Today I was in the kitchen. It doesn’t smell like the way it use to be. The Music of your bangles hit each other every time you roll the dough. Noise of grinding spices when u make chicken biriyani. How I use to silently wave my hand over your waist. You always creep out but you love the way my feather roll over your body curves, from up to down. Hugging you from behind. Kissing you under your hair. But I finally got knocked out of kitchen. You always threatened me if i again try to distract her, she would not make dinner. But after dinner you gently come to me over bed and bow forward placing your sensual wet lips over my beard and make perfect film star kiss.
By the time I was thinking. milk has already boiled, over flowing the vessel.
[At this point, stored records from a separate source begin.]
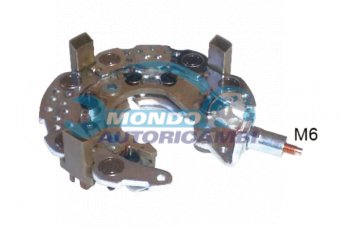 REGOLATORE ALTERNATORE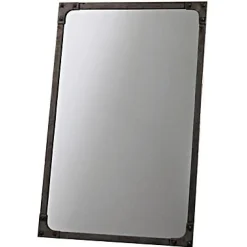 Colours Miroir Metropolitain L.87 x l.56,5 cm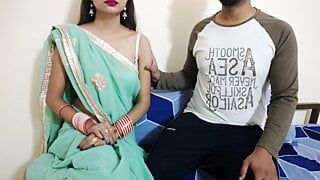 Seri web India hawas ep 1 seks terpanas yang pernah dilihat devar bhabhi hornycouple149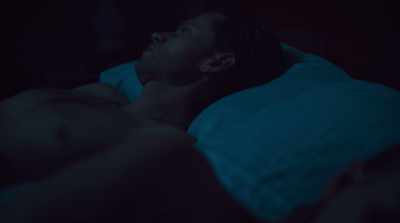 [BREATHING HEAVILY] - Payback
Getting stained over the floor. There is just milk for only one coffee. I poured into your yellow Mickey mouse ceramic mug. Which I gifted you on our first wedding anniversary. Mickey mouse got faded with time black turned into grey. Ceramic mug got stained. Even after so many years it was still there. I never doubted your choice this coffee mug was one of them. While I was noticing these flower moment in the broken crevices of wall. You came from behind. And saw the stained floor. You became annoyed you became rattled. And said,” man! What did you do to my kitchen. This is last time I m tolerating you. And you must find new house.” I didn’t matched my eyes with you. I m afraid of these eyes. These tiny little dark eyes once beautiful are now haunting.
I nodded my head and started cleaning the stains. Thinking who would clean stains on our love. How would you remember all our sweetest memory. Our beach fun. Kisses. Sweet fight. Would everything will be same as before. The oven alarm has started ringing. Orange cake nd chocolate chip cookies are ready. Today is your birthday.somehow that memory that memory has also eluded away. I m waiting for day you would again lean over me. Will keep your head over my chest. Synchronizing your heart beat with mine. Hold your hand filling gap between your finger. Just like dew over spider web. Just like the polka dot sunlight shattering from the tree. Everything will look beautiful. You and I would be over green meadows watching autumn leaves and dream of warm romance. And for this beautiful dream my this wait is worth.